23.8.07

BOEMINHA EM TEMPOS DE CÓLERA

Lisboa ainda existe, o difícil é encontrá-la. Parto daqui já tarde, com duas intenções na carteira: ver amigo com quem devo acabar as bainhas de projecto atrasado, dar uma volta pelas livrarias. Termino numa esplanada ventosa, mas com uma irrepreensível vista para o Castelo de São Jorge, a comer um bife mal passado, acompanhado de um tinto argentino com o qual danço o tango, em goles lentos, sem grande dificuldade. A conversa é boa e animada, apesar da agitação nas ruas. Não foi fácil encontrar um lugar mais sossegado, tantos são os turistas que, por esta época, se vêem à luz alfacinha. Durante a deambulação observo um, têmpera nórdica, a urinar no beco de uma obra. A mulher olha-o e ri-se muito. Ele, terminado o serviço, responde-lhe com gargalhadas estridentes. Mijar na rua, em plena cidade, para aquele nórdico, deve ser a aventura de uma vida. Chegam a Portugal e transformam-se em portugueses com uma facilidade dos diabos, o que, no caso, até não é difícil de justificar dada a inexistência de casas de banho públicas onde um homem possa mudar a água aos tremoços. Ainda pela noite dentro, tento visitar lugar de boa memória. Fechado. Atravesso a rua de um Bairro Alto repleto de velhas mercearias e antigas leitarias transformadas em lojas que devem ser o último grito da moda. Não percebo porquê. Muita cor, muita droga nas ruas, sobretudo coca, e pouca vontade de ficar. A sugestão do meu amigo é o Maxime, onde nos aguardam velhos fados na pronúncia castiça de taxistas, reformados, sonhadores, estrelas eternamente adiadas. Compreendo aquela pronúncia dos «viestes» e dos «vistes», do «sentíri» e do «amári», regalo-me com alguns fados bem balanceados, o estilo antiquado da clientela, o ambiente decadente, como as estrelas, de algumas personagens. Fico até com um fado na memória, sobre uma guitarra velhinha que já ninguém quer. Tal guitarra, tal fado. Felicito o intérprete pela interpretação e pergunto-lhe sobre o autor da letra, ao que me responde, após várias hesitações e muitas dúvidas, com um nome que nada me diz: Carlos Conde. Até consigo apaixonar-me por uma fadista, na casa dos cinquentas, que canta como quem apregoa peixe na lota. Só não consigo encaixar a imperial a €2,50 e a conta que se anuncia no parque.

2 Comments:

At 1:51 da manhã, Anonymous Anónimo said...
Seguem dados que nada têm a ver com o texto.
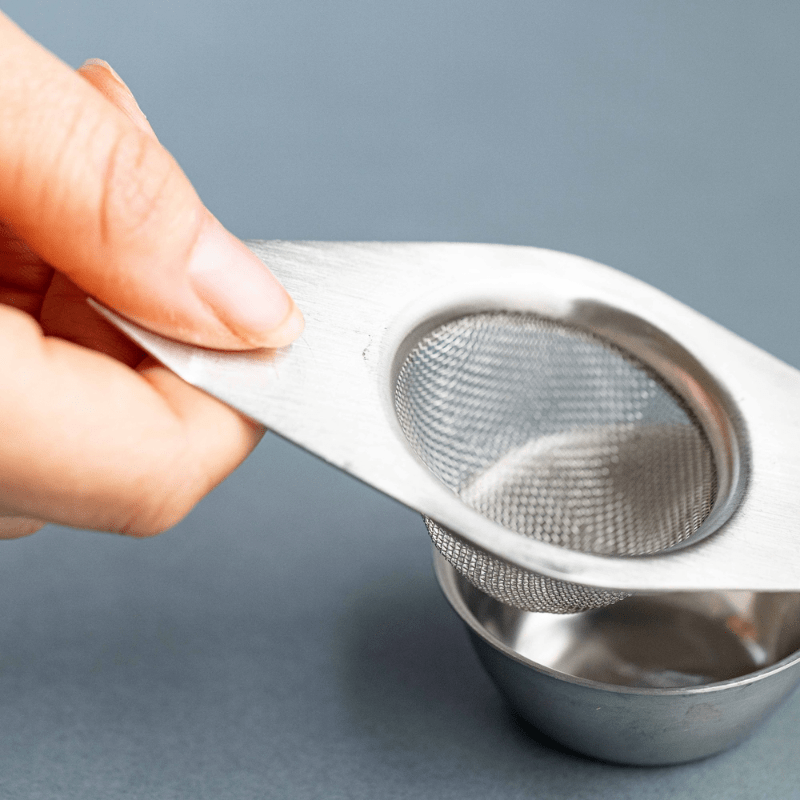 La Cafetiere Tea Strainer with Drip Bowl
O Carlos Conde é um dos grandes letristas/poetas do fado. Deve ter escrito umas boas centenas e era uma personagem invulgar.
Um dia falaremos sobre isto, de preferência com umas cervejolas de permeio...

P.S. Recebi a tua sms mas só a li já de manhã. Foi pena. Gostava de ter estado lá.

 
At 7:58 da tarde, Anonymous Anónimo said...

Desde que não sejam a 2,50 a unidade.